**Exercise goal**
Collect every line below that contains the word "Decor".

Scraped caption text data
━━━━━━━━
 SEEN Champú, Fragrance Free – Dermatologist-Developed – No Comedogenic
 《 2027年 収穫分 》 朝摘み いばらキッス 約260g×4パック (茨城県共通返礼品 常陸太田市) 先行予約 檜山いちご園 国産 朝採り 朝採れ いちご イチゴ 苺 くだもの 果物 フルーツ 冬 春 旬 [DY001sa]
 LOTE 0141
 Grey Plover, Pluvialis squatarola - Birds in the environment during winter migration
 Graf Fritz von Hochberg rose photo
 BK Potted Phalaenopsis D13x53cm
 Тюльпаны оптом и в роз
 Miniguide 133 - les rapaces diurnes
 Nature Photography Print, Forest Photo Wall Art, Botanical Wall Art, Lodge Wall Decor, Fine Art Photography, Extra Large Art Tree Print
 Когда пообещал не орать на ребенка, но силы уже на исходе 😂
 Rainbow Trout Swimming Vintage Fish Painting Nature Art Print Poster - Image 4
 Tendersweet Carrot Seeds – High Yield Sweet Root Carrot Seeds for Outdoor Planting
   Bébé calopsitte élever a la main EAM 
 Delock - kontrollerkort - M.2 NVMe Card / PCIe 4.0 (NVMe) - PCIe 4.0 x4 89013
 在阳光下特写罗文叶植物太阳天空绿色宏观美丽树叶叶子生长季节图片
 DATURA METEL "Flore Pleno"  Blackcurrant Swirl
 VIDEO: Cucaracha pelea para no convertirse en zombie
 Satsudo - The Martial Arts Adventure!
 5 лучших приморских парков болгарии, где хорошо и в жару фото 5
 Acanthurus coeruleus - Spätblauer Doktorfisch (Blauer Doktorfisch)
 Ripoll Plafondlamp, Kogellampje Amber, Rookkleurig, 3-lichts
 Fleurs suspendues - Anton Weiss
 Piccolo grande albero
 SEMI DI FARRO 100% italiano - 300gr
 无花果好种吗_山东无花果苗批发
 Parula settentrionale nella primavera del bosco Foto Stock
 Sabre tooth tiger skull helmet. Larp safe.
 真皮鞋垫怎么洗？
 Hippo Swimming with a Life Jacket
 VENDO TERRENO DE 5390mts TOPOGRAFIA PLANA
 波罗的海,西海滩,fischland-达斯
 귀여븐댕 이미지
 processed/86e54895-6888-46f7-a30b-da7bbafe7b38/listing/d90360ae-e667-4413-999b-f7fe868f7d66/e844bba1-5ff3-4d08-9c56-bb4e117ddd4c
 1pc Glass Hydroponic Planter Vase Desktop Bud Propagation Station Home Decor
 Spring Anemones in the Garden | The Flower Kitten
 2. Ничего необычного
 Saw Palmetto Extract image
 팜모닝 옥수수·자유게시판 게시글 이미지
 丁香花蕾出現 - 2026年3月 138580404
━━━━━━━━
**Answer for the task**
 Nature Photography Print, Forest Photo Wall Art, Botanical Wall Art, Lodge Wall Decor, Fine Art Photography, Extra Large Art Tree Print
 1pc Glass Hydroponic Planter Vase Desktop Bud Propagation Station Home Decor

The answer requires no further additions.